Hagar and Ishmael wander under the brilliantly hot sun of
the desert. And before long, their water
gone, they give up hope. It looks as if
they will die of dehydration and exposure.
And we are given a front row seat to their terrible suffering.
What we witness is Hagar’s visceral grief as a mother. She has come to grips with the fact that they
will both die. But she cannot bear to
watch her son die. So she walks away
from him. All is lost. God has chosen Isaac for the family tree of
blessing, and Ishmael and his mother Hagar aren’t part of that line.
Now if the story stopped here . . . you would likely agree
with me that this isn’t the kind of God that you would want to love, worship,
and serve.
There’s a rescue.
God hears the sobbing of Hagar and Ishmael and sends an
angel to them. The angel alerts Hagar
and Ishmael to a well of fresh water nearby.
They drink, and live. And God
blesses Ishmael with a family tree of his own.
How wide is God’s love?
How wide do you draw the boundaries of God’s love? Who gets left outside the boundary lines
where you draw them?
This strange story can help us reflect on God’s love for
those who are not insiders, those not connected to the church.
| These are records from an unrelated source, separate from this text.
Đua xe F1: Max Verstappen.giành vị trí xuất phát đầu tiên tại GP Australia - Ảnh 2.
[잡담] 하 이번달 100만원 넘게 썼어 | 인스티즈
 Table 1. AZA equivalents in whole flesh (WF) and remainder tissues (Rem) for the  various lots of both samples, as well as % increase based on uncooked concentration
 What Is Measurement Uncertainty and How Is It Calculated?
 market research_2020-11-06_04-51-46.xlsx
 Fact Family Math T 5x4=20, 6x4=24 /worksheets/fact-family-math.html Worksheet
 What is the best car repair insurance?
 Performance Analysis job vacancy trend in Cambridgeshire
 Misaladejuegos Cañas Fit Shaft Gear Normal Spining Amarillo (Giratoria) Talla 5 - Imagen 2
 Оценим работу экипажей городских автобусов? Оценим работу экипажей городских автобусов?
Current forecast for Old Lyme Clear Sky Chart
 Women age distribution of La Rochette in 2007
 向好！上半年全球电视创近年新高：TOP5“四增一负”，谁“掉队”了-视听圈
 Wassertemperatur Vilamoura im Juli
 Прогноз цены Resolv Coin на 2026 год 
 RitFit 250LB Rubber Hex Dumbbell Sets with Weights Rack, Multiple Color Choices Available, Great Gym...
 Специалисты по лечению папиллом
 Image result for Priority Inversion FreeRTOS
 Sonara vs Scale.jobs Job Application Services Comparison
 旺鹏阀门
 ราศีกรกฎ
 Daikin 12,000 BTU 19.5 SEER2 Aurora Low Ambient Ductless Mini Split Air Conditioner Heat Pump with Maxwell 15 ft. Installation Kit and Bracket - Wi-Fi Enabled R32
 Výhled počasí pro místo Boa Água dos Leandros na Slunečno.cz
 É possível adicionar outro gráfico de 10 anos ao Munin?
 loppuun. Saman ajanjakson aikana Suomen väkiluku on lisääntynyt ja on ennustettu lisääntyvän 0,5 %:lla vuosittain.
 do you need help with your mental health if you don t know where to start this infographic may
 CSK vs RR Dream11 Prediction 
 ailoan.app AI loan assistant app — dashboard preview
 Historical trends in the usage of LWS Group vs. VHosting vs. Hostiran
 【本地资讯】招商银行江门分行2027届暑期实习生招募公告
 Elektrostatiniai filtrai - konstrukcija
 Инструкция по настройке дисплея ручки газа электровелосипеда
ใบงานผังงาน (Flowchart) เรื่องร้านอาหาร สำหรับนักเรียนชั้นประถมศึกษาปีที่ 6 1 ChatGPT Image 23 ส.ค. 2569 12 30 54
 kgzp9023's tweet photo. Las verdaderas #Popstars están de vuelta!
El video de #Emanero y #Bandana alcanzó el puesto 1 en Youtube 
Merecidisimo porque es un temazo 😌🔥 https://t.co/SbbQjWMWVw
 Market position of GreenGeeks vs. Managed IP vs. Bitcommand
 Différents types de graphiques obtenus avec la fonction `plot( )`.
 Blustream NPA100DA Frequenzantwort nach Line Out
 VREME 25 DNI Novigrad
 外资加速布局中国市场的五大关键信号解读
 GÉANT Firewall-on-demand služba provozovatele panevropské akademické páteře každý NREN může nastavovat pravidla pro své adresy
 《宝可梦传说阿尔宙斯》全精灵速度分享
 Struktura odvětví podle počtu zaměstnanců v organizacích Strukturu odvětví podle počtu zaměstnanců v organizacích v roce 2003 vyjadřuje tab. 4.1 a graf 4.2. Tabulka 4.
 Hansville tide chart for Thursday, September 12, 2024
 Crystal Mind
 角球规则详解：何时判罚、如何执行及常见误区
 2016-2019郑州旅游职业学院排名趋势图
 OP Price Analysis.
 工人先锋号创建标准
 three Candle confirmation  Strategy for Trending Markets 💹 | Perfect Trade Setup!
And what we discover is that God’s love is
transgressive. God’s love flows out of
bounds, out beyond Israel’s borders, out beyond the borders of those of us who
are followers of Jesus. God’s love makes
its way to those who walk on other paths.
What this story suggests is that there isn’t anyone outside
the scope of God’s love and care. There
isn’t anyone who lives without a future in the world God is working to bring
about. All those on paths that run
alongside or outside the path of the church are also God’s beloved creatures.
God’s enduring love for Hagar and Ishmael reminds us that
God loves Arabs and Muslims and Asian farmers and Guatemalan mothers and
Romanian gypsies and Wall Street bankers and communist Cubans as well as our neighbors
and family members who are not part of any church – just like God loves those
of us who belong to Jesus Christ in an explicit way by faith.
So is there nothing special about being part of God’s people
connected to Abraham, Isaac, and Jesus?
Of course there is. We have been
chosen, elected to live with gladness in the full view of the watching world. We have received God’s Spirit. We have been given the gift of Scripture as
guidance and wisdom. We’ve received a
wealthy inheritance of wise practices to nurture and sustain us: singing,
praying, eating, caring, serving, learning, and celebrating.
The specialness of being God’s people is not that we are the
objects of God’s love and others are not.
Our job as insiders is to live with joy and gratitude to God on behalf
of all those whom God loves.
The good news is that God keeps showing up in families and
congregations like ours. In all our
messy woundedness and quirky dysfunction – God is still at work, calling all of
us into the new family of Jesus, but refusing to abandon those not yet here.